(Requirement)
Pictures stay out; everything else in the entries below is to be duplicated exactly.

(Provided records)
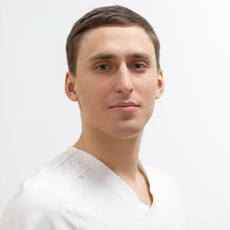 Баранов Александр Евгеньевич, детский стоматолог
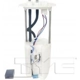 Purchase Top-Quality Fuel Pump Module Assembly by TYC - 150404A pa12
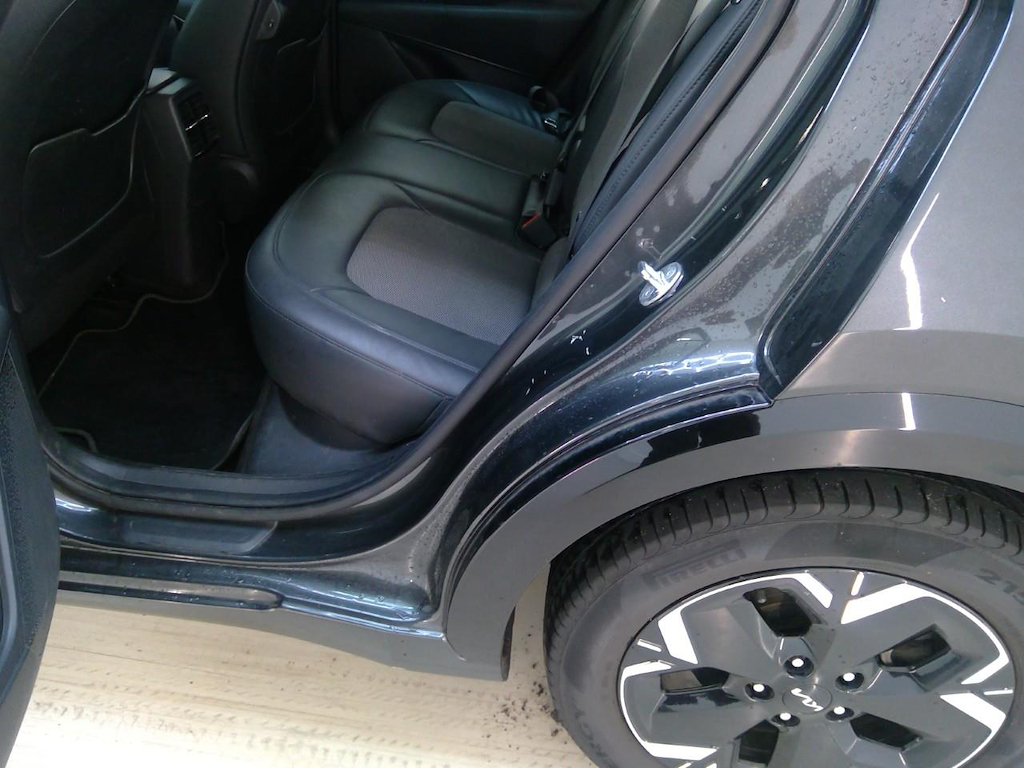 Foto 28 van Kia Niro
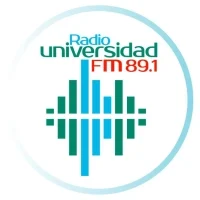 Rádio Universidad FM - 89.1 FM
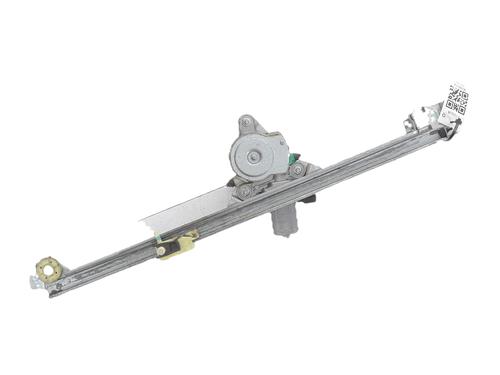 Front right window mechanism RENAULT TRAFIC II Van (FL) 2.0 dCi 115 (FL01, FL0U, FL00, FL0H, FL0M) | BP39421811C23 - Image 2
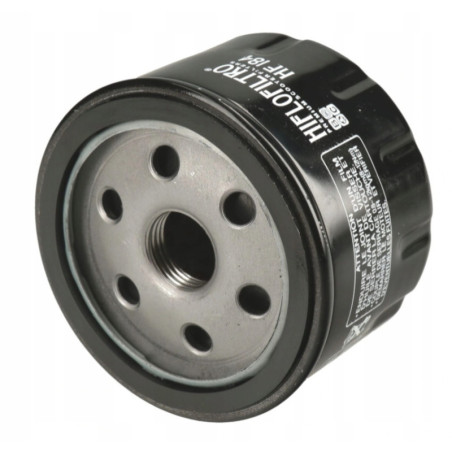 FILTR OLEJU HIFLOFILTRO HF184 GILERA Fuoco 500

(Exercise response)
 Баранов Александр Евгеньевич, детский стоматолог
 Purchase Top-Quality Fuel Pump Module Assembly by TYC - 150404A pa12
 Foto 28 van Kia Niro
 Rádio Universidad FM - 89.1 FM
 Front right window mechanism RENAULT TRAFIC II Van (FL) 2.0 dCi 115 (FL01, FL0U, FL00, FL0H, FL0M) | BP39421811C23 - Image 2
 FILTR OLEJU HIFLOFILTRO HF184 GILERA Fuoco 500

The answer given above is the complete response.